“Interim” Isn’t a Nasty Word

Unfortunately, in the U.S. there is a certain minority of executives and investors who believe that when a company engages with an “interim manager” it is a sign of trouble for the company. This is odd thinking considering their reaction should be one of admiration that the company is shrewd enough to fill gaps with interim leadership before the gaps start dragging down the company’s performance.

I think the negative perception stems from the belief that interims are only used in emergency turnaround situations. We’re all too familiar with the corporate announcement of an interim-CEO or interim-CFO that usually portends a serious management issue. The logic goes that where there’s smoke there’s fire.

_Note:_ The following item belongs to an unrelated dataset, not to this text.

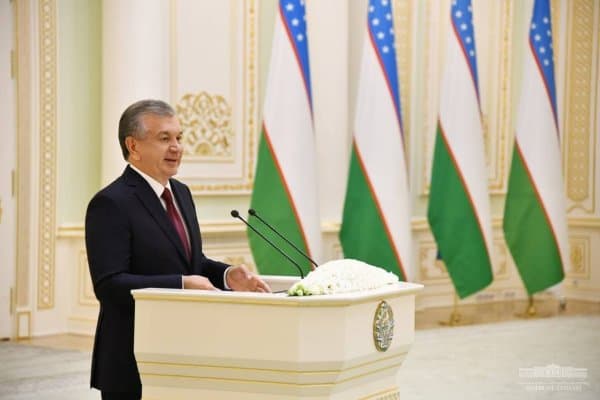 Шавкат Мирзиёев: "Хориждан легионер олиб келиш амалиётдан воз кечиб, маҳаллий спортчиларимизни тарбиялашга жиддий эътибор қаратадиган пайт келди"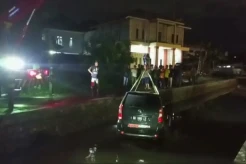 Hilang Kendali saat Diguyur Hujan Lebat, Minibus Terjun ke Sungai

Yes, some interims specialize in turnaround situations. Yes, that can be a signal that not all is well in the executive suite. However, the vast majority of interim assignments, especially in Marketing or Sales, are not in turnaround situations (thus far, I’ve never had an engagement in a turnaround). The presence of interim leadership is not an indication that a company is experiencing difficulties. It simply means that the company knew it had a temporary gap in leadership, skills, or resource bandwidth and elected to fill that gap with an on-demand leader.

“Interim” isn’t a nasty word, or a signal that there’s trouble in the castle. There are thousands of interims at work in the U.S. and I assure you they’re not all at work in turnaround or at-risk companies.

2 replies
  1. Adam Blackie
    Adam Blackie says:

    I like this post. Executive Interims are flexible, cost effective, non-political and focussed on delivery. It’s something that senior managers in currently re-structuring organisations find difficult to do because they have a vested interest in the outcomes. Executive Interims are there to deliver and move on with a “successful” recommendation on their CV.

    Reply
    • cbesondy
      cbesondy says:

      Thank you for your comment, Adam. Interims are a logical choice when restructuring requires tough objectivity. The point I was eager to make in the original post was that there is a solid business case for using interims in any company faced with gaps in skill set and resources, but hesitant to take on full time employees.